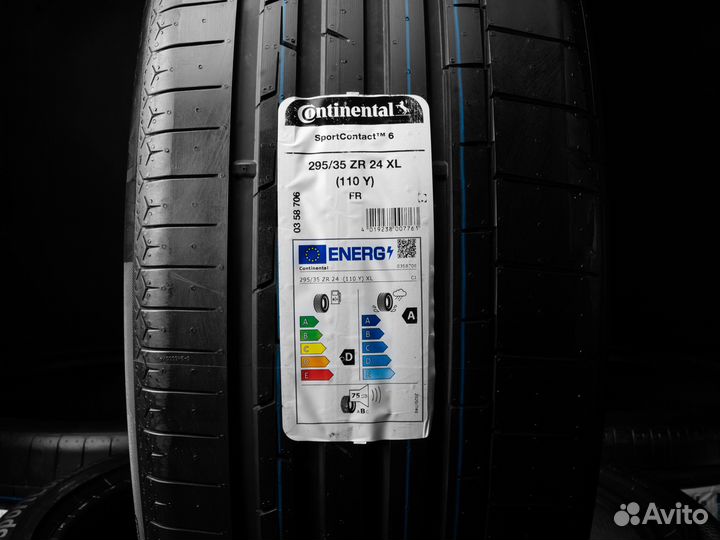 Continental SportContact 6 295/35 R24 115Y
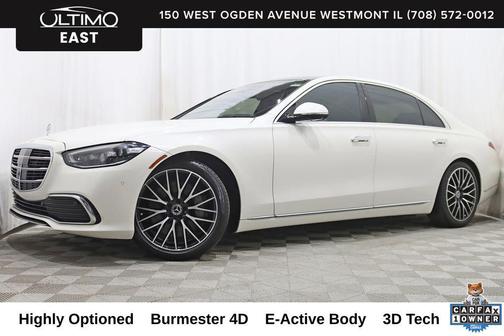 2022 Mercedes-Benz S-Class S 580 4MATIC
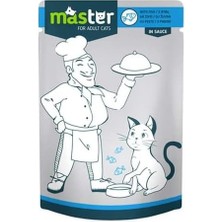 Prime Balıklı Pouch Kedi Maması, 80 Gr, 24 Adet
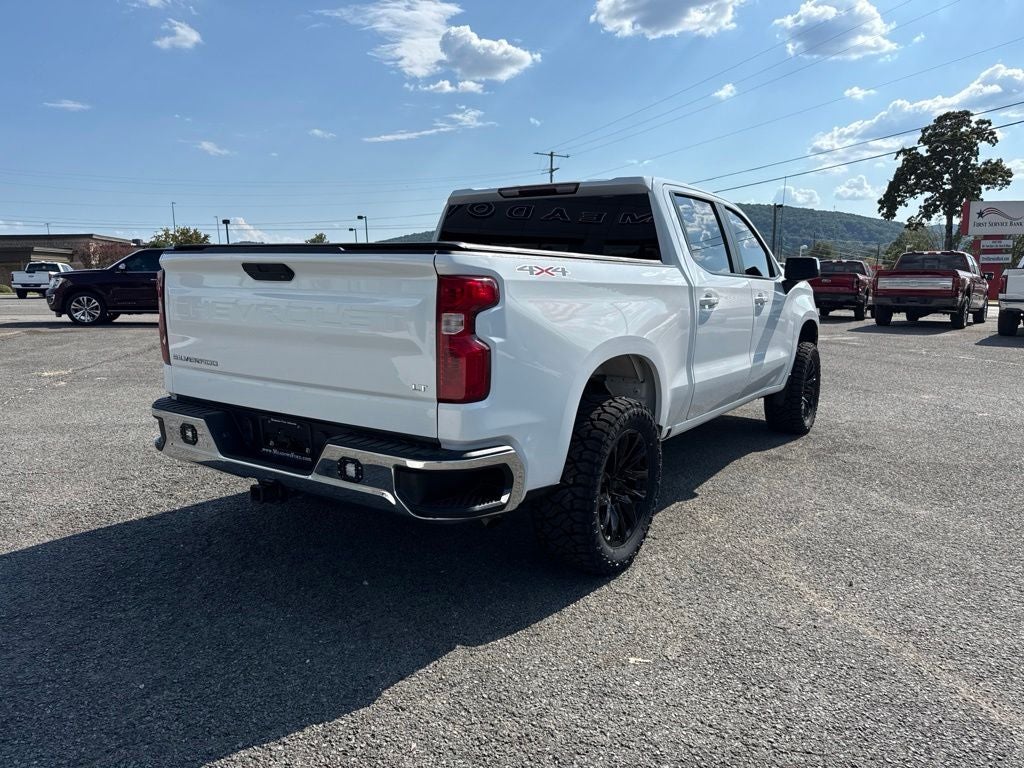 2022 Chevrolet Silverado 1500 LTD LT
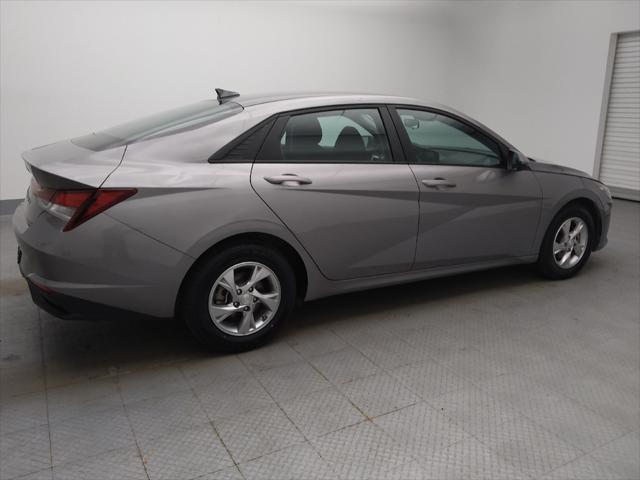 used 2023 Hyundai Elantra car, priced at $21,295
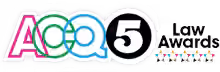 ACQ5 Law Awards logo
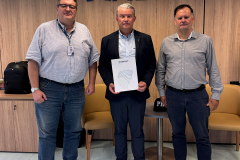 IPARDES recebe equipe do Conselho Regional de Economia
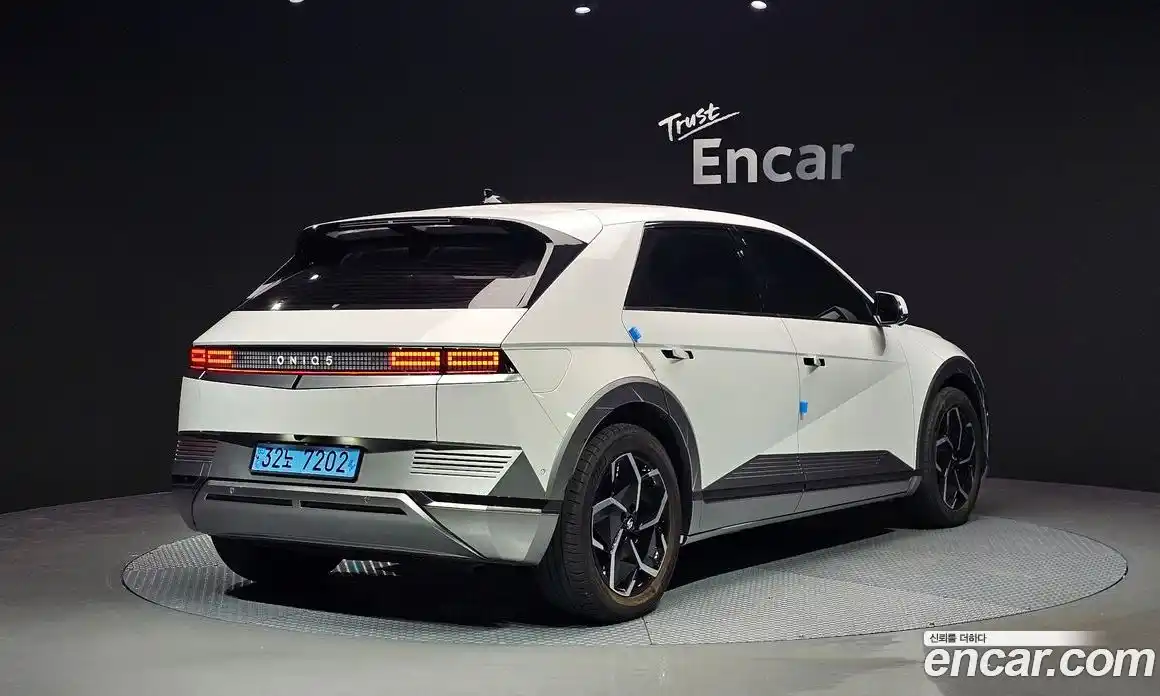 Hyundai Ioniq 5 2024 0.1 Автомат в Москве № 108890, фото 9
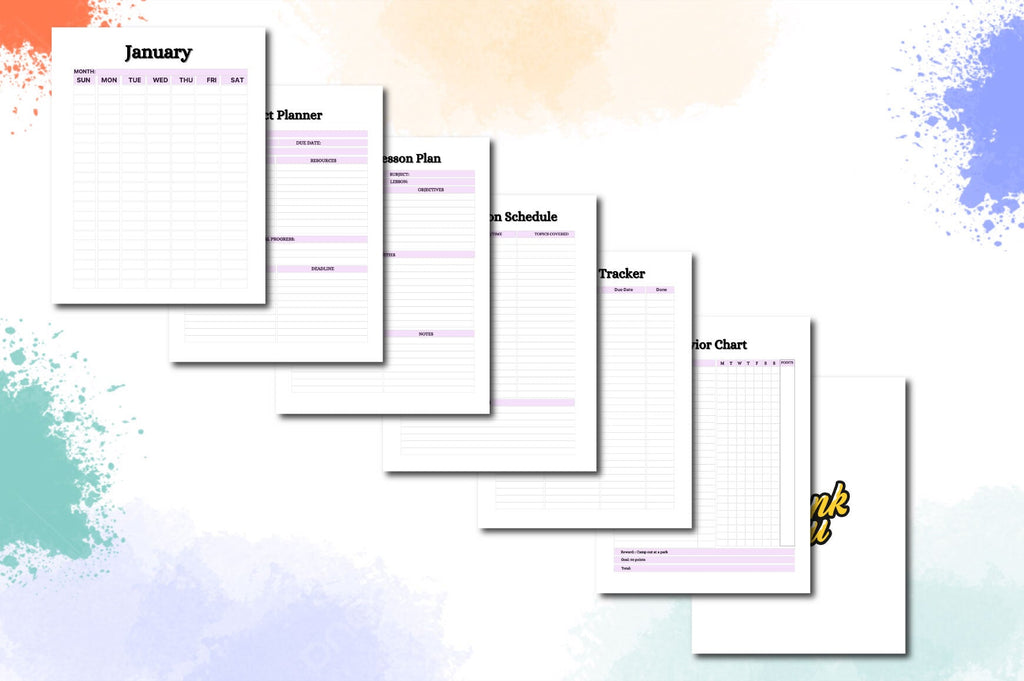 Kids Planner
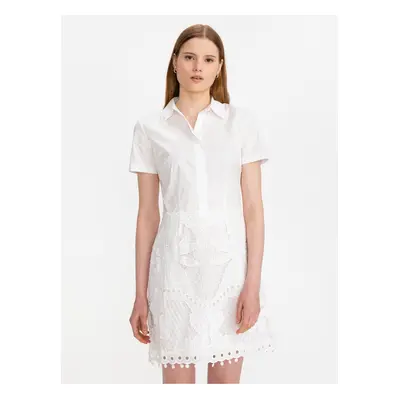 White Ladies Dress Guess Rita - Women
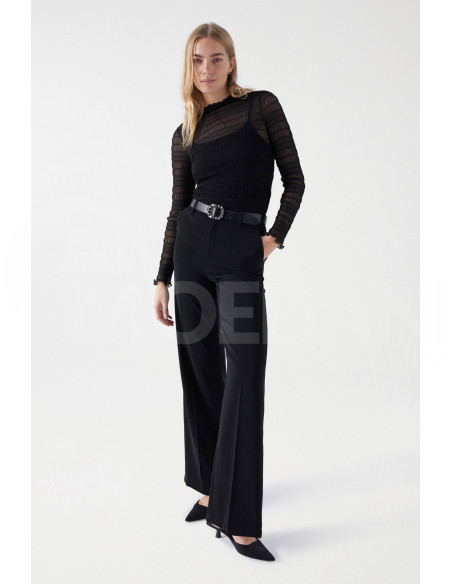 Salsa Jeans - TEXTURED SHEER LONG SLEEVE თბილისი - photo 4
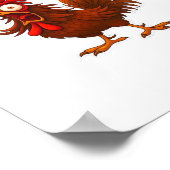 F-Caw-F Chicken Classic Poster (Hoek)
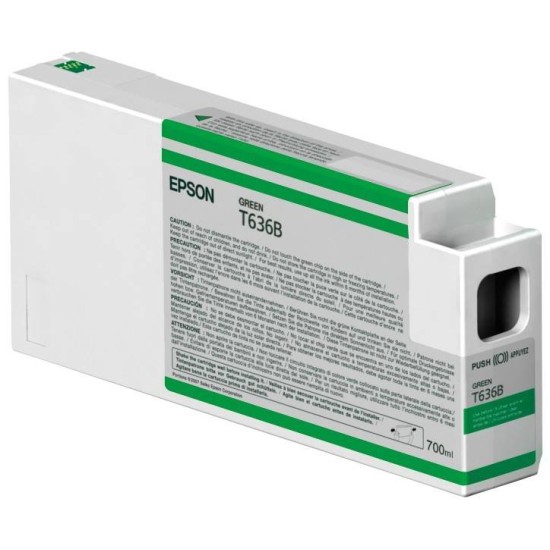 Tinta Epson T636B00 Verde 700Ml - T636B00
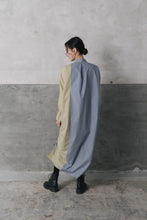 Shirts Dress / Bicolor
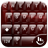 Theme x TouchPal Glass Red icon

________________________

- _Task objective_: Take the line with "White Ladies Dress Guess Rita - Women" as the first line and the last line of the records above as the final one; reproduce exactly the lines between them, both included, without pictures.

- _Problem solution_:
 White Ladies Dress Guess Rita - Women
 Salsa Jeans - TEXTURED SHEER LONG SLEEVE თბილისი - photo 4
 F-Caw-F Chicken Classic Poster (Hoek)
 Tinta Epson T636B00 Verde 700Ml - T636B00
 Shirts Dress / Bicolor
 Theme x TouchPal Glass Red icon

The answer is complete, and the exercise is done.